The thing I was not expecting: the satisfaction came from the pipeline, not the Worker. Pushing to main and watching the green check appear on GitHub, knowing my Worker is now live globally without me touching the Cloudflare dashboard, that's the actual feature. The Worker is a hello world. The CI/CD is the real thing I built.

What This Teaches

Three things, if you're about to do this for the first time:

Use the "Edit Cloudflare Workers" API token template, not "Read All Resources" or any custom one you build yourself. The pre-baked template has the exact scopes wrangler needs. Custom tokens are how you lose 3 minutes to error code 10000.
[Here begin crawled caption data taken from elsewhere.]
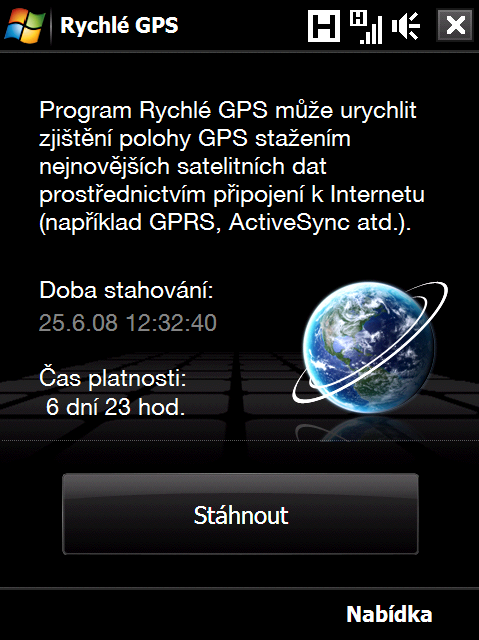 196 Navigace na silnici Stažení dat Klepněte na tlačítko Stáhnout na obrazovce programu Rychlé GPS. Na obrazovce se nejprve zobrazí Čas platnosti stažených dat 3 dny.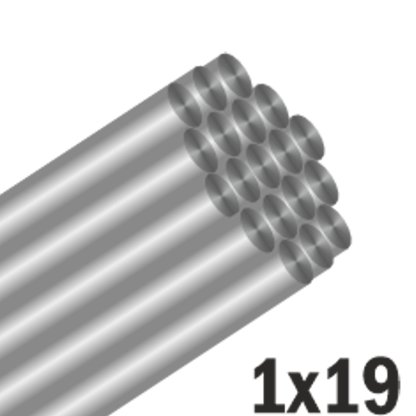 Mistrall ocelové lanko s trojháčkem 1x19 18kg hnědé 12,5cm 2ks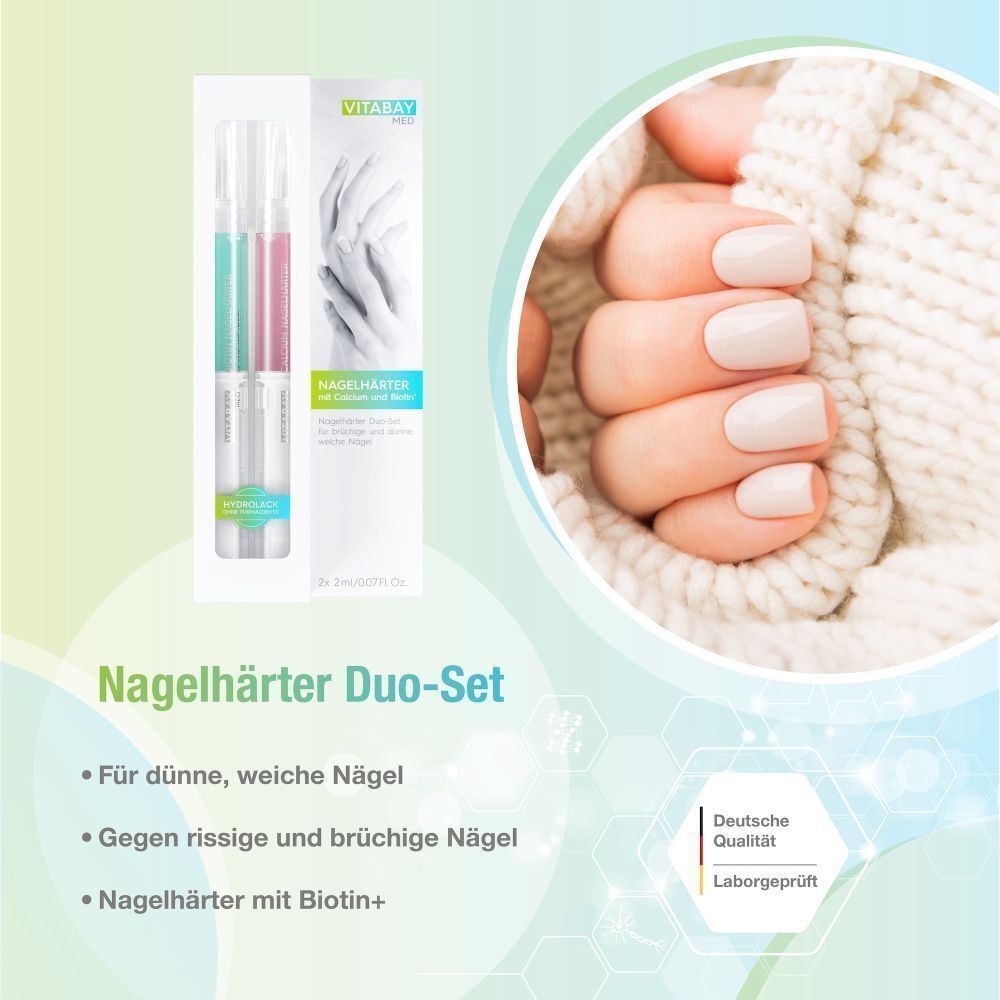 Nagelhärter Duo-Set. Verpackung mit zwei Stiften und einer Hand mit lackierten Nägeln. Aufschrift: Für dünne, weiche Nägel. Deutsche Qualität.
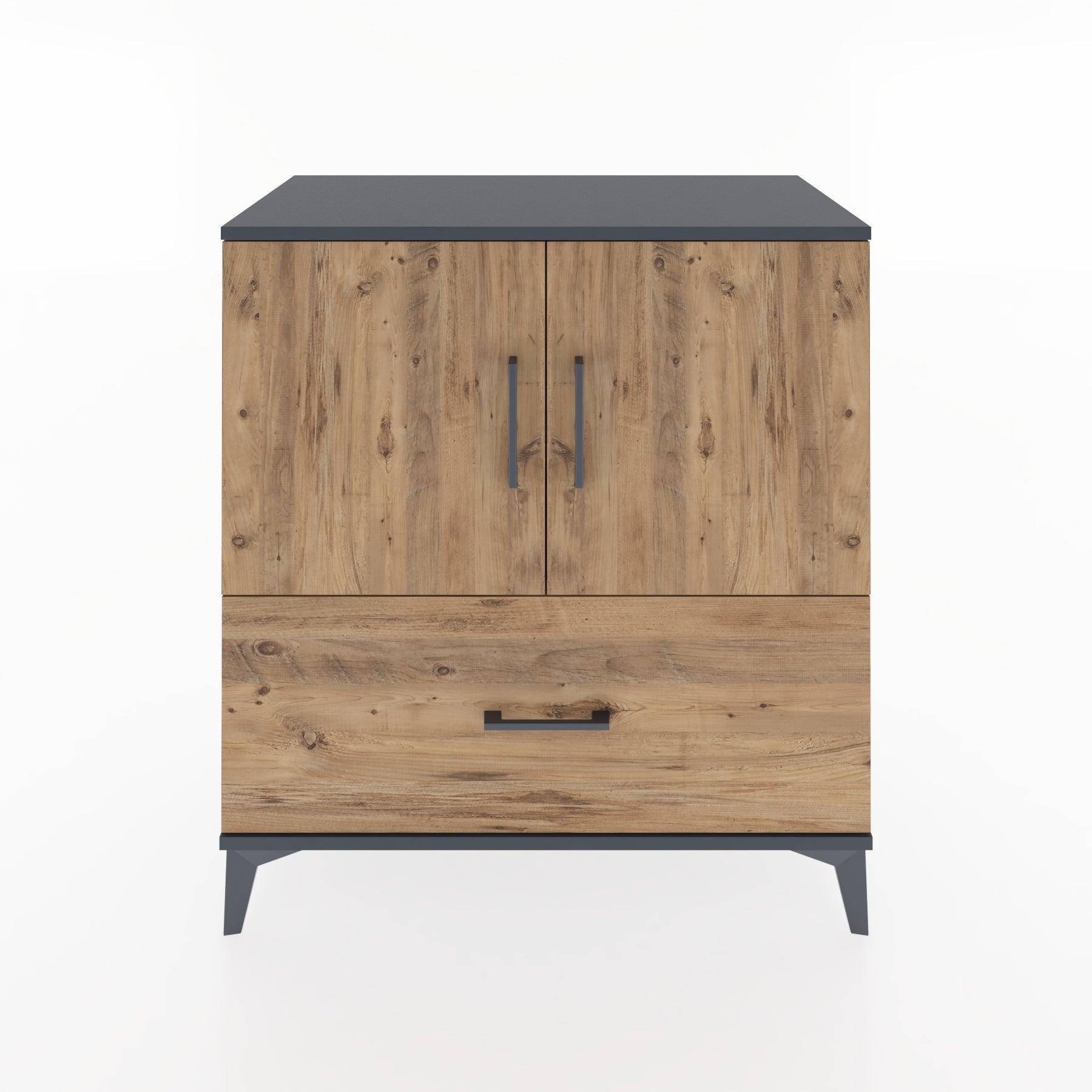 Woodntry Modular Dresser Anthracite 88x44x84 cm with Cover and Drawer KC48-2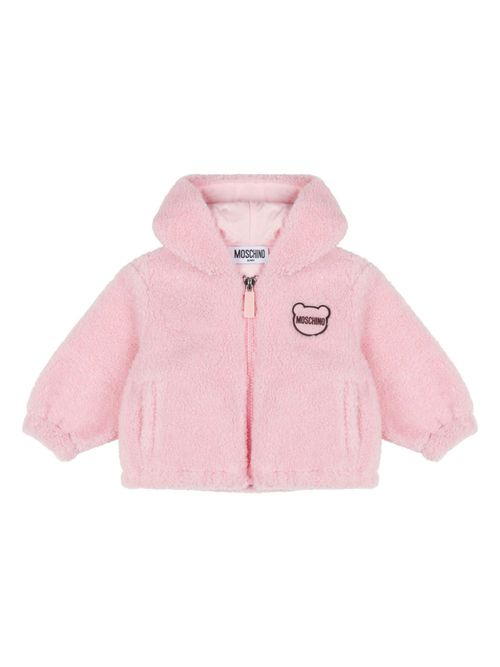 Faux-fur hooded zip-up jacket - Pink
Set up the Actions pipeline before your code is interesting. A boring Worker behind a working pipeline is worth more than a clever Worker you deploy by hand. The pipeline compounds. Your hand-deploys do not.

The Account ID is public, the API token is not. Store both as secrets if it makes your life easier, but understand which one matters. One leak is a footgun. The other leak is a key handed to a stranger.

What I'm Building Next

Next step is preview deploys per pull request, so every PR gets its own *.workers.dev URL automatically. I think the answer is a second job in the workflow keyed on pull_request, plus a comment bot that posts the preview URL on the PR.

If you've done this with Workers (not Pages, that's the easy mode), what does your workflow look like? And what's the one CI/CD mistake you wish someone had warned you about on day one?